Les soirs se suivent, mais ne se ressemblent pas nécessairement et ce, même si on réentendait le Deuxième de Rachmaninov et que nous fréquentions de nouveau Prokofiev (cette fois son Troisième Concerto). Alors que Charles Richard-Hamelin nous avait offert un magnifique Rachmaninov de chambre, l'autre Canadien (et plus jeune candidat, à 17 ans), Xiaoyu Liu a transformé l'oeuvre en quelque chose d'assez peu mémorable, le piano se perdant dans la masse orchestrale, les basses se retrouvant périodiquement inutilement accentuées et le pianiste ne semblant pas avoir conscience de ce qui se passait à l'orchestre, orchestre avec lequel il a déjà eu la chance de jouer puisqu'il avait remporté le Concours OSM Standard Life en 2012 (dans le même concerto de surcroît).
L'Australien Jayson Gillham misait quitte ou double avec le Quatrième Concerto de Beethoven, page plus introspective que pyrotechnique, en porte-à-faux des concertos russes monumentaux adoptés par les autres candidats.

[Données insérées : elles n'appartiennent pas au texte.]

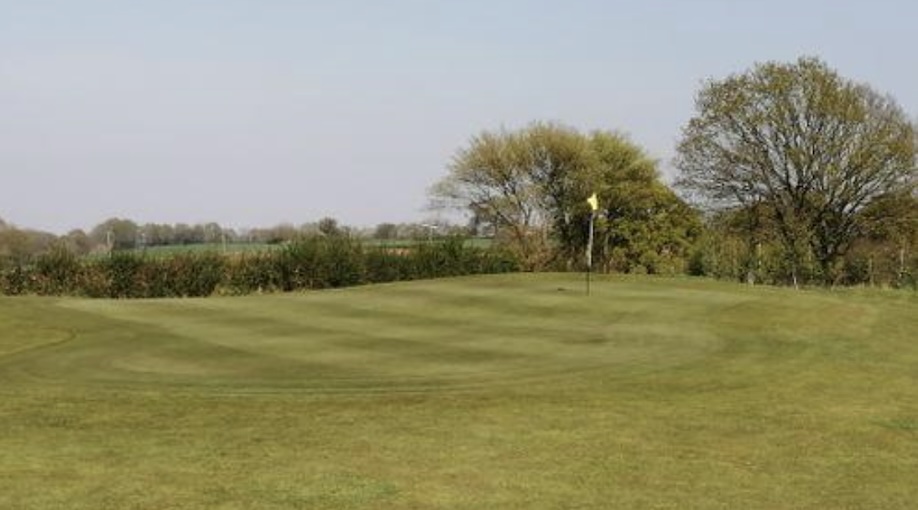 Photo of Lydney Golf Club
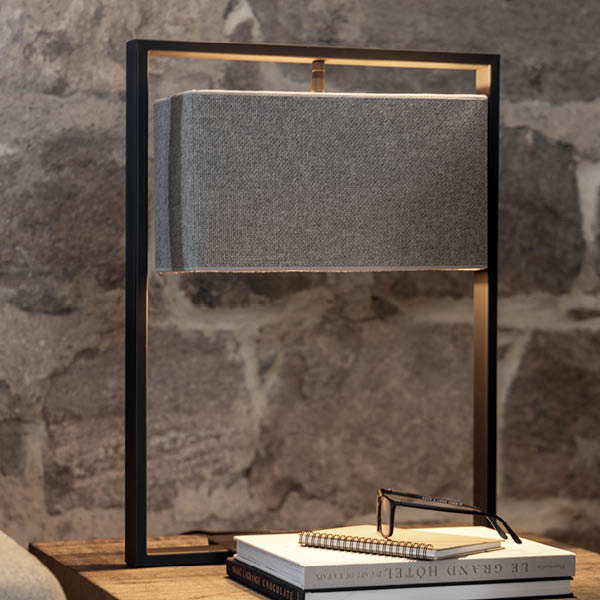 DONATI FRAME Table lamp - 13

S'il ne s'est pas entièrement affirmé dans les premières notes (fort à découvert) de l'introduction et a d'abord transmis un Beethoven plus sage que bouillonnant, il a fini par séduire totalement par la clarté de ses textures, l'intelligence avec laquelle chaque phrase était façonnée, des trilles et grupettos absolument irréprochables, une grande délicatesse de toucher et une cadence du premier mouvement d'une grande intériorité. Le deuxième mouvement reste un moment fort de cette interprétation, transmettant magnifiquement l'antagonisme entre soliste et orchestre, le premier essayant de convaincre par la douceur un second revêche, qui finit par se ranger à l'avis du soliste. Le chef Giancarlo Guerrero s'est révélé une fois de plus un accompagnateur idéal.
L'Allemande Annika Treutler a offert un Troisième de Prokofiev somme toute assez terne. Projection insuffisante, doubles croches parfois inégales, notes supérieures se dispersant dans la masse sonore, tempo inutilement pressé, accents parfois pris hors contexte, il faudra attendre le deuxième mouvement pour entendre enfin de la vraie musique.
Le jury s'est prononcé et a décidé de récompenser les musiciens, geste louable en cette ère de pianistes parfaits techniquement, mais la plupart du temps interchangeables. Ils ont également tenu compte des épreuves préliminaires, que je n'ai pas entendues, ce qui explique sans doute comment Annika Treutler a réussi à se faufiler sur la troisième marche du podium (son Schumann et surtout son Hindemith avaient été remarquables en demi-finale, m'a-t-on confirmé), derrière Charles Richard-Hamelin (2e place) que l'on aurait envie de découvrir comme chambriste tant il possède une rare qualité d'écoute et Jayson Gillham qui remportera sans doute aussi le Prix du public. Il faudra attendre le concert-gala demain soir (qui mettra en lumière les trois lauréats, ainsi que Serhiy Salov, gagnant du premier Prix d'improvisation Richard-Lupien) pour le savoir.